- [Try it]:
Among the entries below, only the lines from the one with "Snapshot of Jackvanlee" through the one with "Page 10 of Chapter 55" are wanted, reproduced exactly. Pictures are not wanted.

- [Source material]:
_ _ _ _ _ _ _
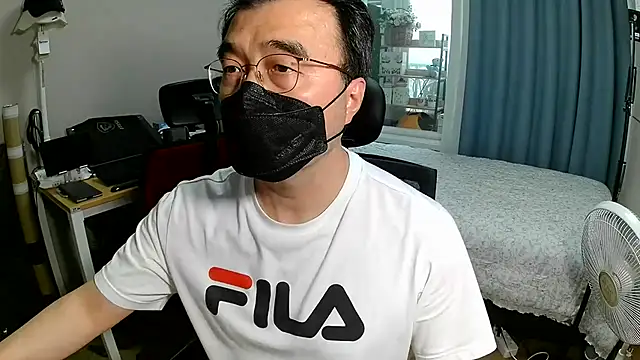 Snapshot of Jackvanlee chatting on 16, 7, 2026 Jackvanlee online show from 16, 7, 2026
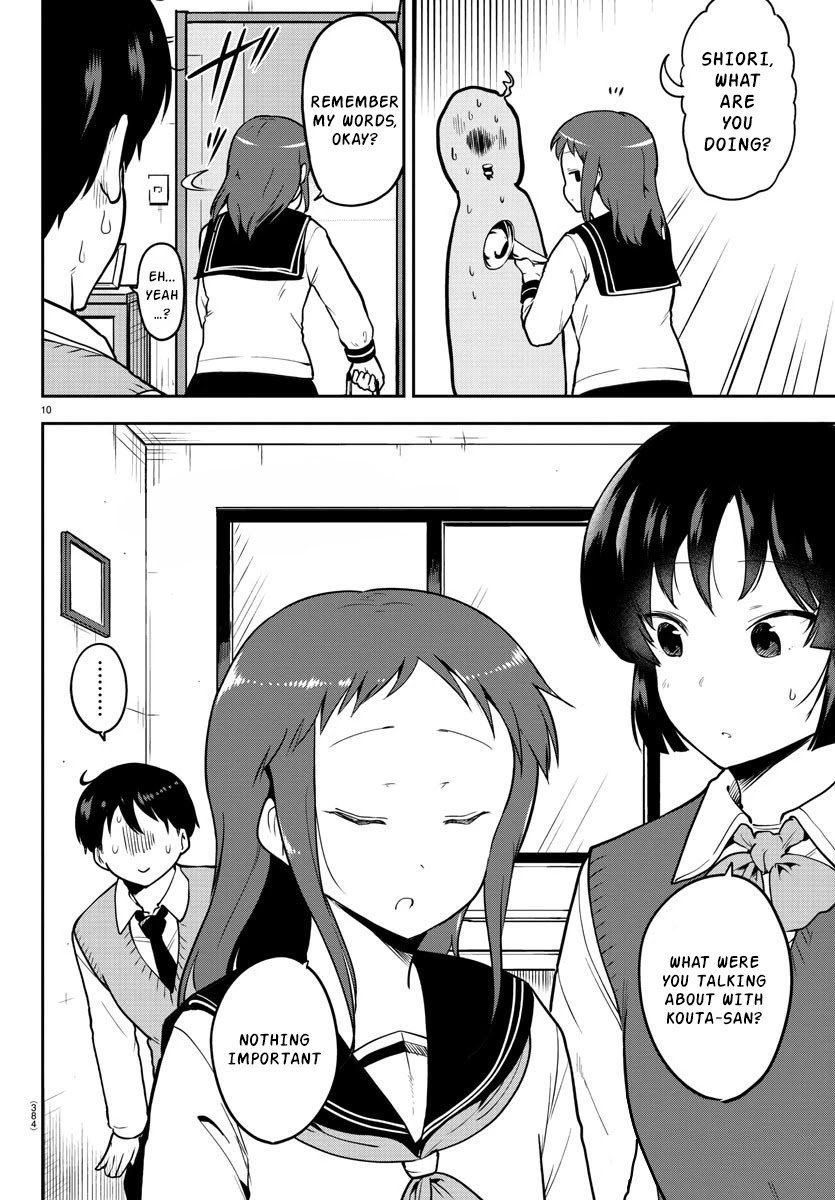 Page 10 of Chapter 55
_ _ _ _ _ _ _
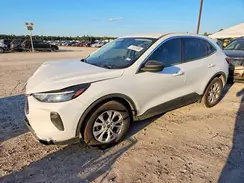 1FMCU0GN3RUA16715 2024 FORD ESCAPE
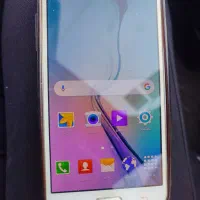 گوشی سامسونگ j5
_ _ _ _ _ _ _
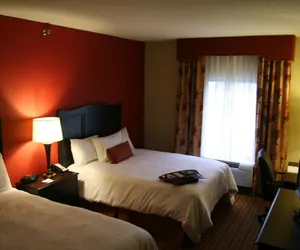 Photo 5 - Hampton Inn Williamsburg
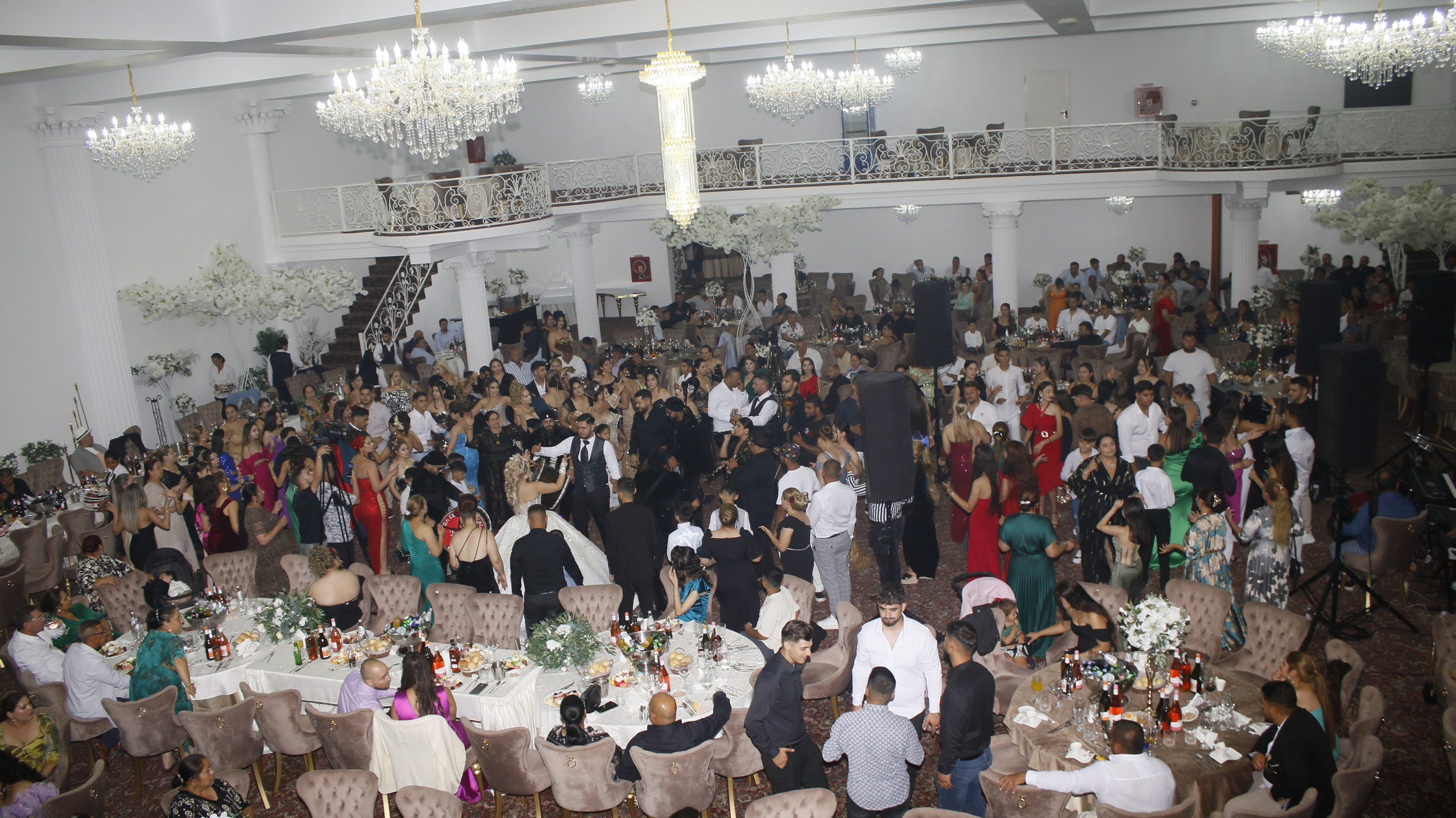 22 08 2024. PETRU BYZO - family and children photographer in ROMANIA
_ _ _ _ _ _ _
- [Response for this exercise]:
 Snapshot of Jackvanlee chatting on 16, 7, 2026 Jackvanlee online show from 16, 7, 2026
 Page 10 of Chapter 55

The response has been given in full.